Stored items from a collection
+===+

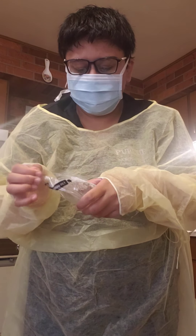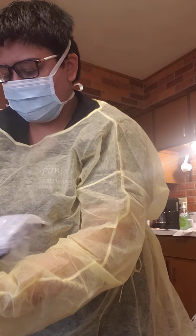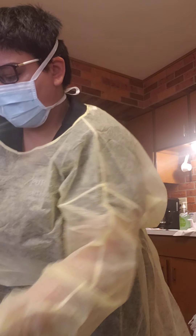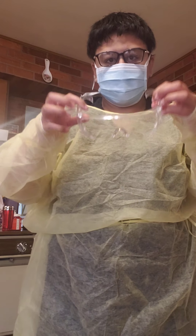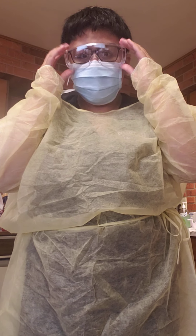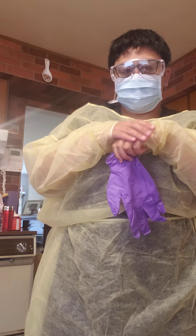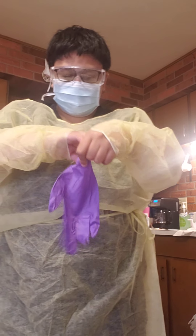That's now secure. Next I'm going to put on my goggles. And then next I'm going to put on clean gloves over the seams of my gown.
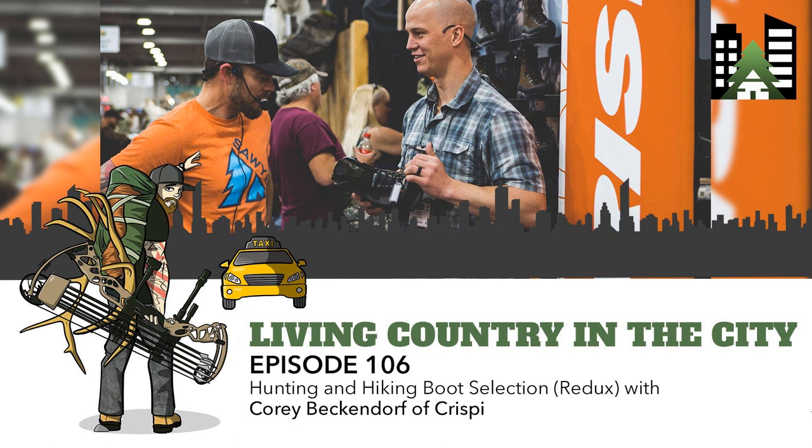On to today's episode - back at Hunt Expo in Salt Lake City, I got a chance to sit down with Cory Beckendorf of Crispy Boots. A while back I sat down with Scott De Young of Crispy and went through their amazing product lineup. A lot of new cool stuff has come out, and Cory sat down with me to go through how to select a boot for hiking or hunting and all the cool stuff in Crispy's lineup.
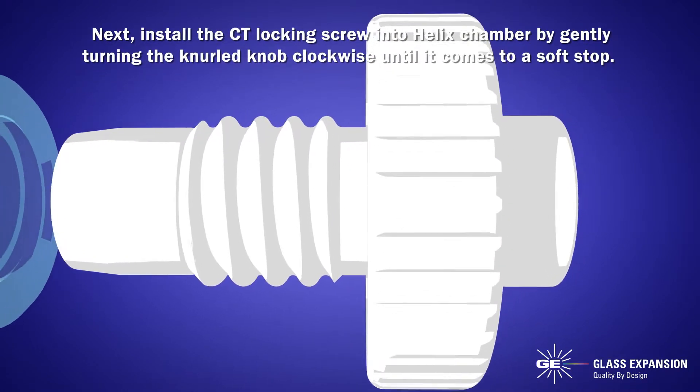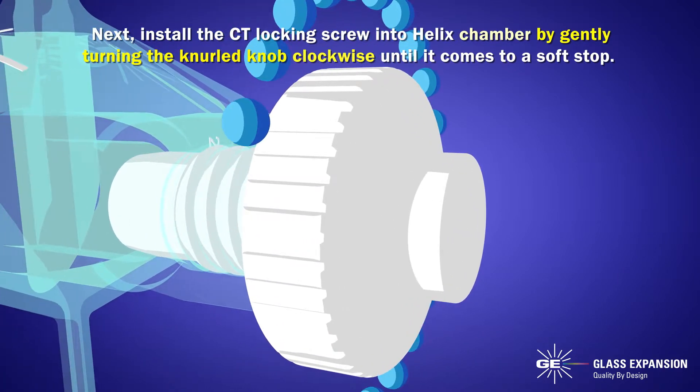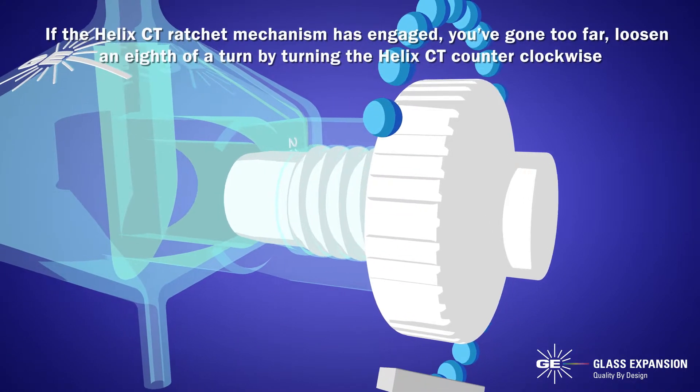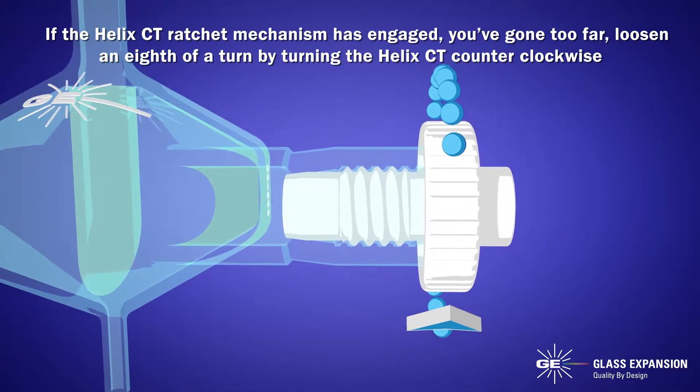Next, install the CT locking screw into the Helix chamber by gently turning the knurled knob clockwise until it comes to a soft stop. If the Helix CT ratchet mechanism has engaged, you've gone too far. Loosen an eighth of a turn by turning the Helix CT counterclockwise.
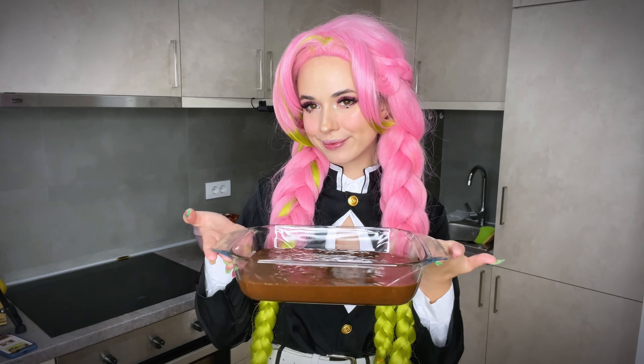Drum roll please — and here is the final result! So yummy! That's my brownie. It will be very edible tomorrow; today it will be a bit wet, but tomorrow it will be in perfect condition to eat.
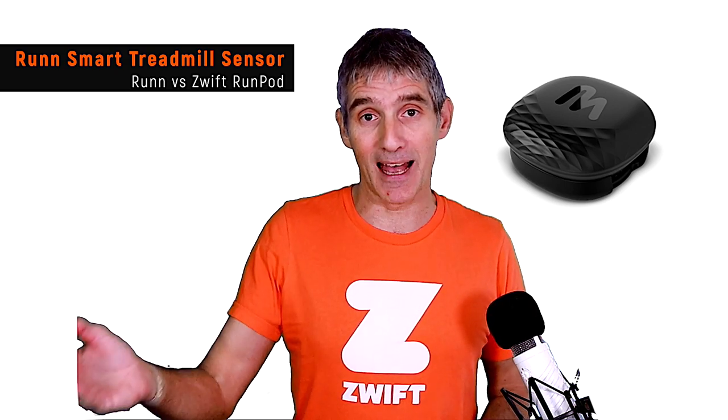How does the Run Smart Treadmill sensor compare to other devices for Zwift? Versus the Zwift Pod, I'd always choose the Run Smart Treadmill sensor simply for accuracy. The Zwift Pod cannot cope with sudden changes of pace, fast speeds, or particularly slow speeds. It's okay at one steady speed around 10–12 km/h, but anything faster or slower, or any quick changes, the Zwift Pod cannot cope. The Run Smart Treadmill sensor can.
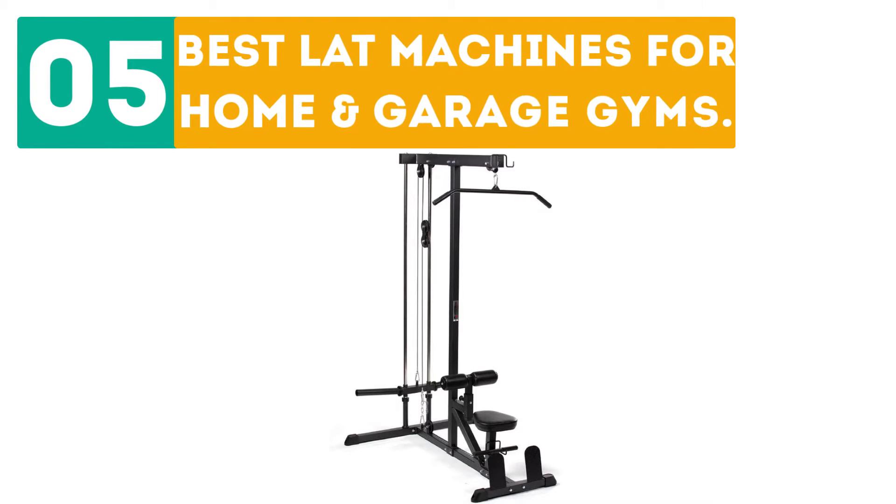Gabor presents the top 5 best lat machines for home and garage gyms. Let's get started with the list.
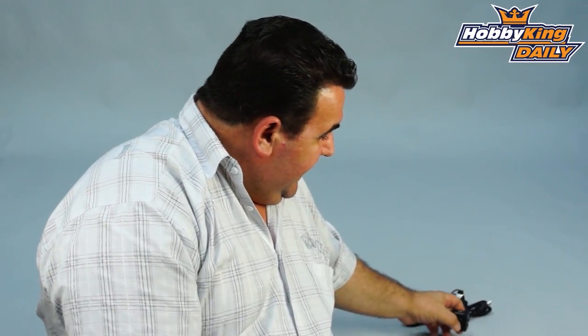Hi all, Ross here from Hobbyking again. I've got a pretty cool camera I'd like to show you guys today. It's a little alloy case unit designed specifically for FPV.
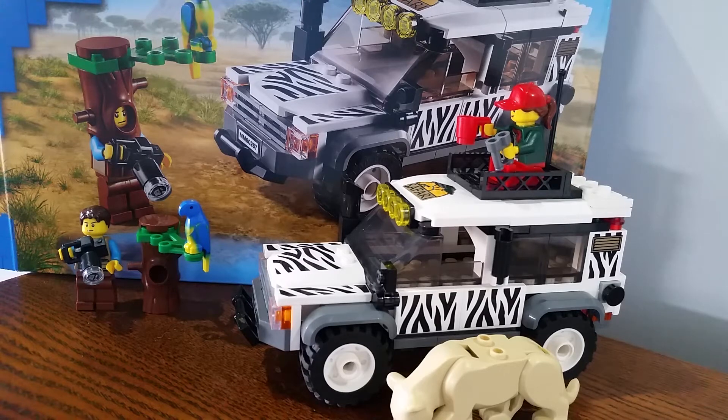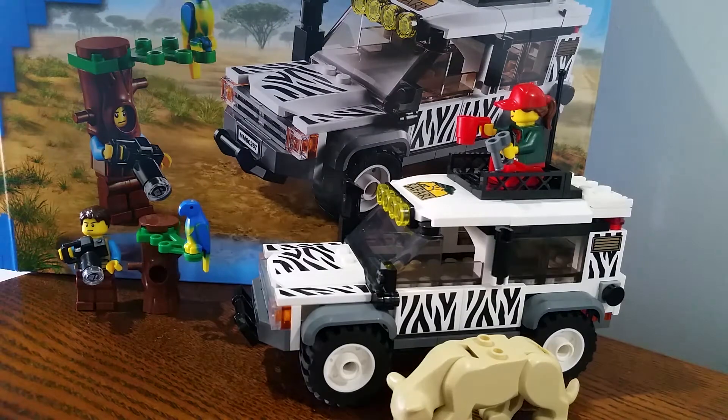Hello everybody, my name is JJLEGO07 and in this video I'm going to be reviewing LEGO City set 60267 Safari Off-Roader. Pretty cool set, came out a couple months ago. I'm going to start with a review of the minifigs.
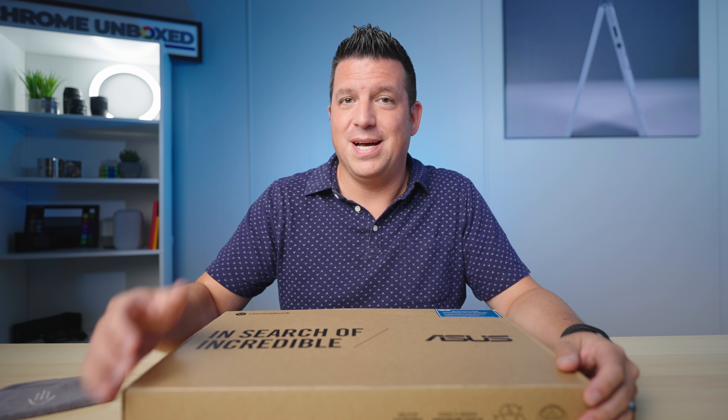Today in the office, in this very normal-size Chromebook box, we have a much smaller than normal Chromebook — the Asus Chromebook Flip CM3. If you're not really sure exactly what that is, it's kind of like the partner device to the detachable CM3 that we've written a lot about, talked a lot about, and a lot of people are excited about.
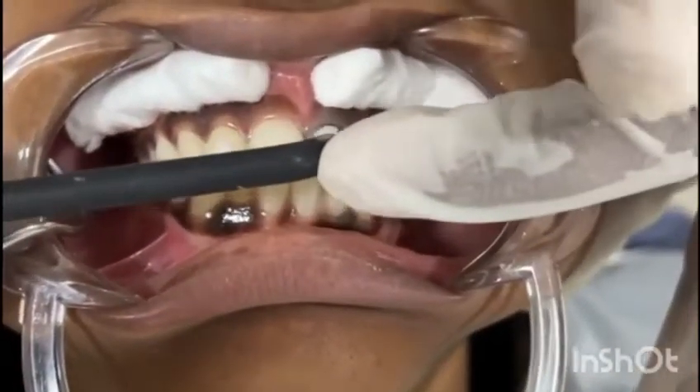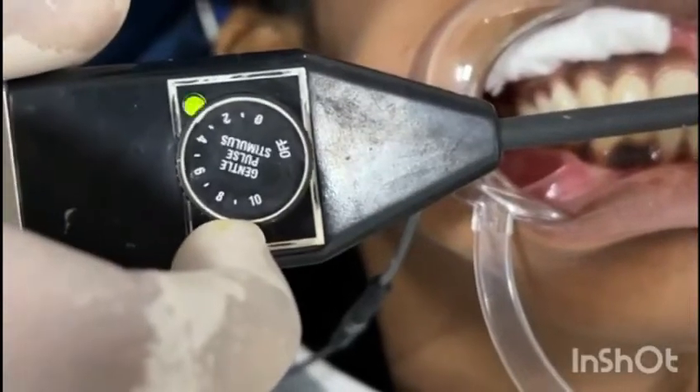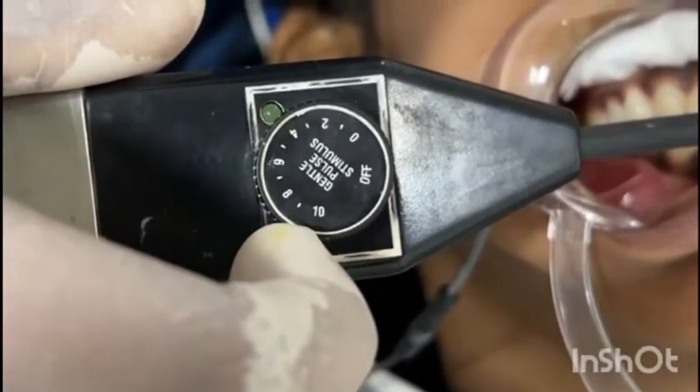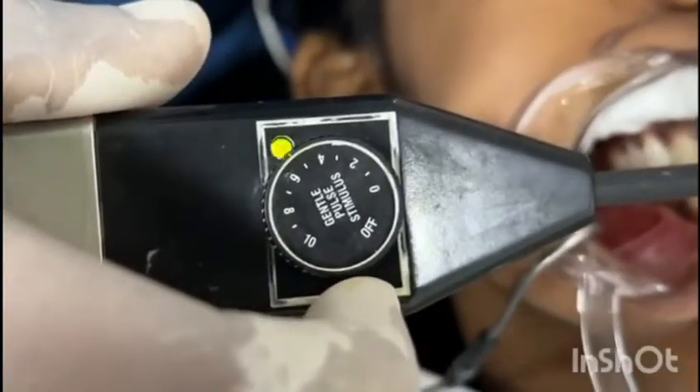If the patient feels any tingling or sensation, then we have to ask the patient to raise his or her hand immediately, and the test has to be stopped.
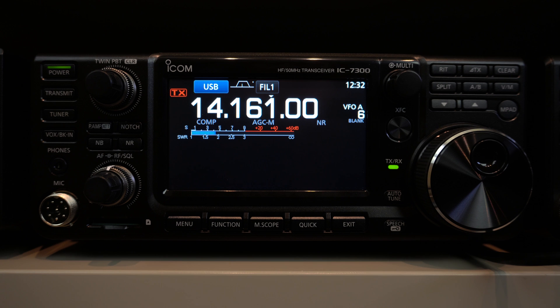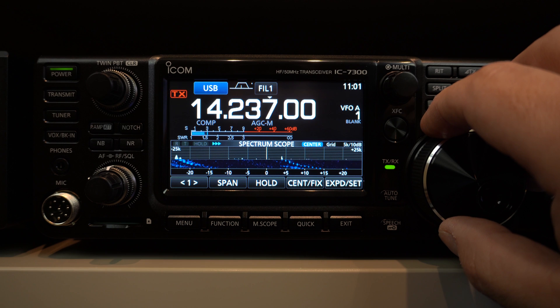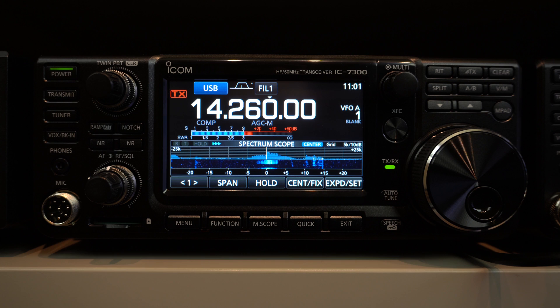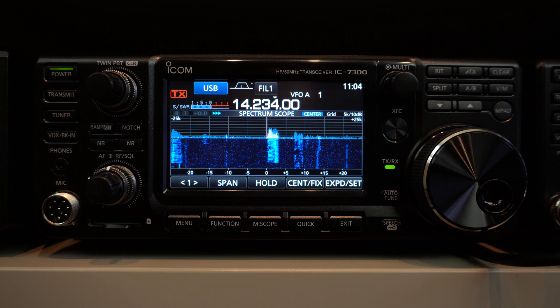For a small size, you have everything in this radio to do whatever you want to do on HF. It's a Q5 signal with QS3, over. All right, thank you my dear friend. You are 5-9 plus — nice signal today.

+===+

__WHAT YOU SHOULD DO__: Give back exactly the lines above from the one with "Gabor presents the" through the one with "Today in the", both included. Pictures don't belong in the copy.

__RESPONSE FOR THIS EXERCISE__:
Gabor presents the top 5 best lat machines for home and garage gyms. Let's get started with the list.
Hi all, Ross here from Hobbyking again. I've got a pretty cool camera I'd like to show you guys today. It's a little alloy case unit designed specifically for FPV.
Hello everybody, my name is JJLEGO07 and in this video I'm going to be reviewing LEGO City set 60267 Safari Off-Roader. Pretty cool set, came out a couple months ago. I'm going to start with a review of the minifigs.
Today in the office, in this very normal-size Chromebook box, we have a much smaller than normal Chromebook — the Asus Chromebook Flip CM3. If you're not really sure exactly what that is, it's kind of like the partner device to the detachable CM3 that we've written a lot about, talked a lot about, and a lot of people are excited about.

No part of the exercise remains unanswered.